AP Grade Changes Cause Outcry
This article is from the archive of The New York Sun before the launch of its new website in 2022. The Sun has neither altered nor updated such articles but will seek to correct any errors, mis-categorizations or other problems introduced during transfer.
As word spread yesterday about the city’s retroactive grade-inflation policy for public high school students who took Advanced Placement courses, the chairwoman of the City Council’s Committee on Education called the system’s implementation “beyond stupid,” and the leader of the teachers union said it is “a perfect example of how not to do public policy.”
The New York Sun reported yesterday that the Department of Education went into the citywide grading computer network in late October and changed the way students’ grade-point averages were calculated, adding 10% to each Advanced Placement grade that students earned since they started ninth grade. The new grading system jumbled class ranks at schools around the city.
“Deciding in the middle of the school year – not only in the middle of the school year but in the middle of the night – to change the formula upon which grade-point average is calculated and therefore admissions to college, etc., is beyond stupid and unbelievable,” Council Member Eva Moskowitz said. “Anybody who has taught or run a school knows you’ve got to tell people what the policy is in advance of the high stakes. Everybody has to know what the rules of the game are.”

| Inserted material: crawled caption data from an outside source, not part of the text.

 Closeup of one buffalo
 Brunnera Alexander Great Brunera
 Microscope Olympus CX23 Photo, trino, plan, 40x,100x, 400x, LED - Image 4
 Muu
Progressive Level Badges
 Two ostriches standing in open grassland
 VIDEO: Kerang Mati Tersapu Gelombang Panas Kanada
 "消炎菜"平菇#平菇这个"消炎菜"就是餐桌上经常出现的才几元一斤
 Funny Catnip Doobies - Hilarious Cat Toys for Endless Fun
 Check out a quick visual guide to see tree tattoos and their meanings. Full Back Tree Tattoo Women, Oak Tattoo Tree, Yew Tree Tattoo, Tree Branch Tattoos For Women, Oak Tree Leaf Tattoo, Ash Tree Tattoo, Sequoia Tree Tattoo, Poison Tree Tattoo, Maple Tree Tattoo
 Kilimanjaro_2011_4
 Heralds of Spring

Ms. Moskowitz said it’s premature to judge the policy because she doesn’t know much about it or the theory behind it. She said she plans to write to the chancellor demanding an explanation of the policy and reasoning behind it.

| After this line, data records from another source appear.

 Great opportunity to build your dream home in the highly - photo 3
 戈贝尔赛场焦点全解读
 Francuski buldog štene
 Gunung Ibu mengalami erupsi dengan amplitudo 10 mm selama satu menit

“I need to understand exactly what the problem they’re trying to solve is,” she said. “What I know is a bad idea is to do it mid-year, mid-course.”

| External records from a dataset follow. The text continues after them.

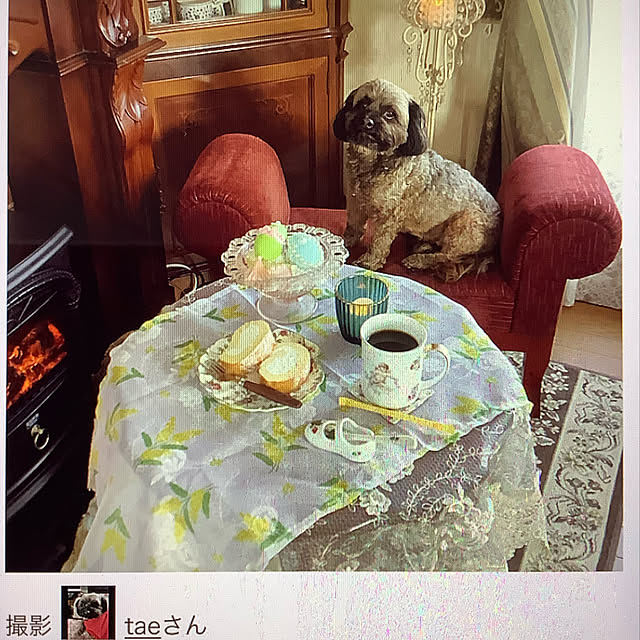 taeさんの実例写真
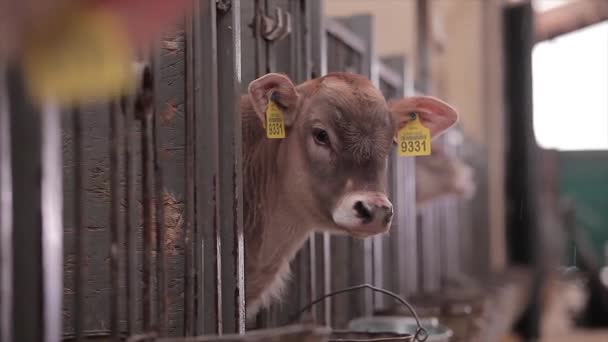 Jonge Koeien Een Koeienboerderij Kalveren Boerderij Leuke Koeienkalveren Een Melkveebedrijf — Stockvideo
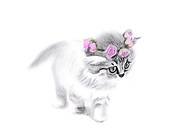 2019-02-20/969f49b07d38c35146acc5e6d44bcea5_814bcb4aa32ad252e01b45664dd00d14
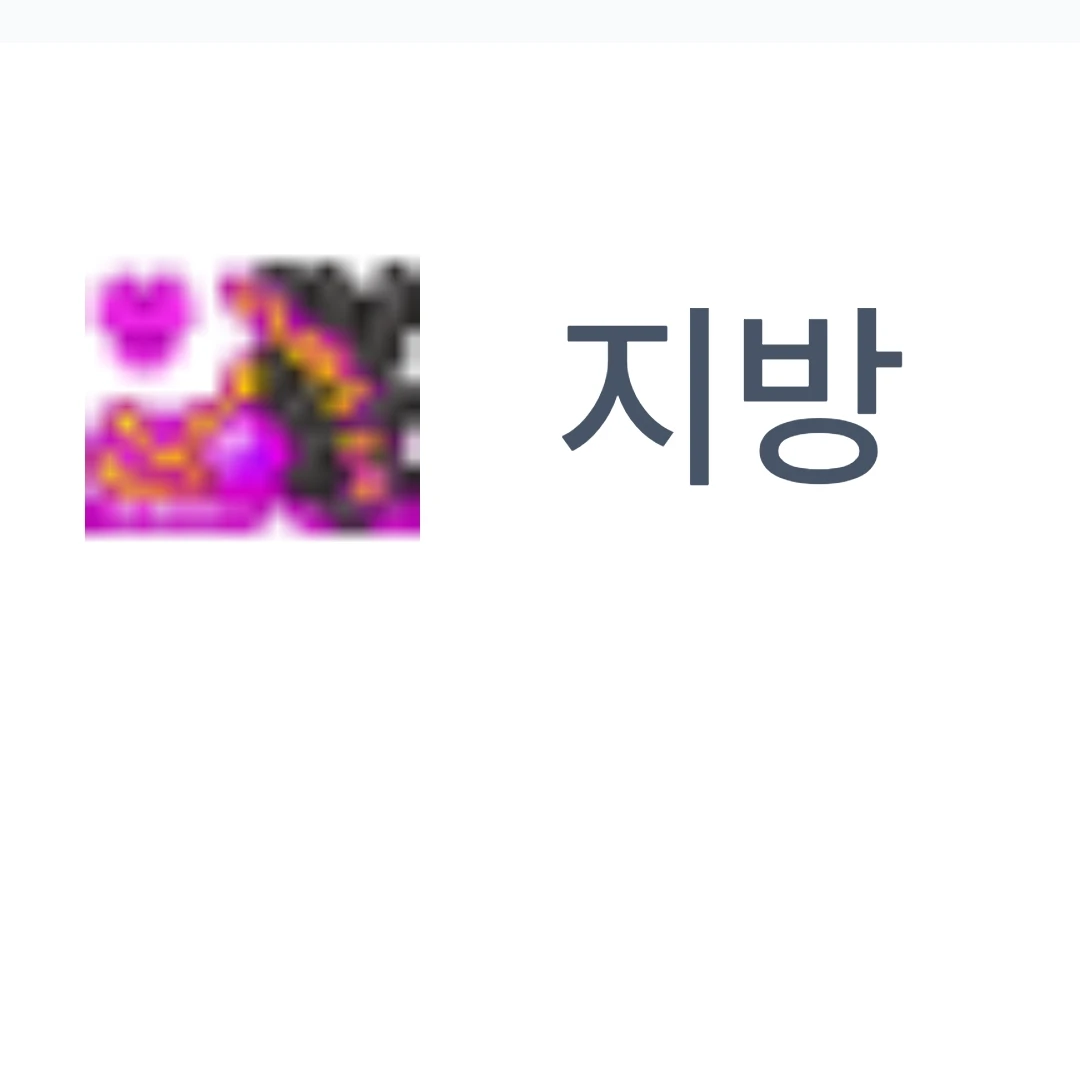 지방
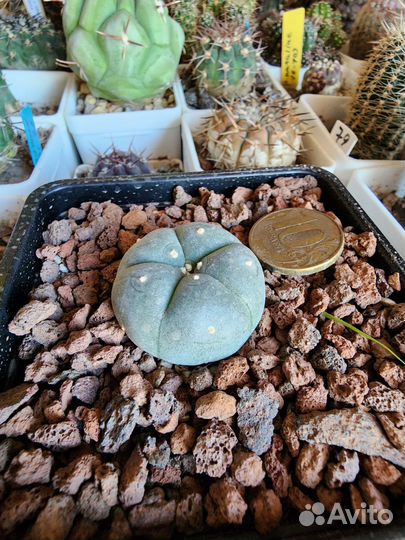 Кактус лысый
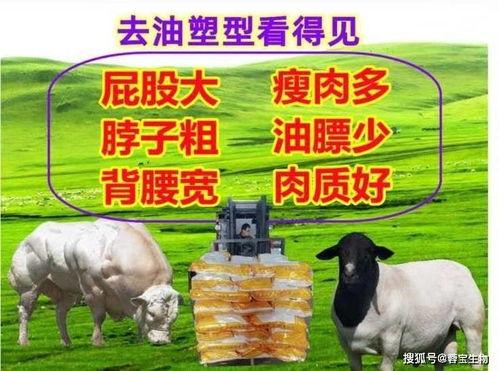 三只羊吃瓜黑料爆料网,揭秘网络舆论背后的真相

The president of the United Federation of Teachers, Randi Weingarten, said she can see why the department would want to reward students who enroll in the hardest classes, but she said the department made a mistake when it implemented the policy.
“There were no hearings about it. There’s no sense about is this a good public position or not, is this a good public policy or not. Even the kids who would have benefited from it don’t know about it,” she said. “It’s just a perfect example of how not to do public policy.”
The Manhattan borough president, C. Virginia Fields, also offered a critique of the decision-making process.
“It is troubling to me that choices made three years ago are now being retroactively rewarded or punished without warning,” Ms. Fields, who is a possible 2005 mayoral candidate, said. “I am sure that many students might have taken advantage of this grading policy had they known it would have bumped them up one full grade point. Unfortunately, noncommunication is a pattern at Tweed.”
Public figures who frequently criticize the administration aren’t the only ones upset by the sudden policy shift imposed by Tweed. Principals and parents at some of the top city high schools are also reeling from the decision, which principals discovered when they logged into the grading system and found that class ranks had shifted dramatically.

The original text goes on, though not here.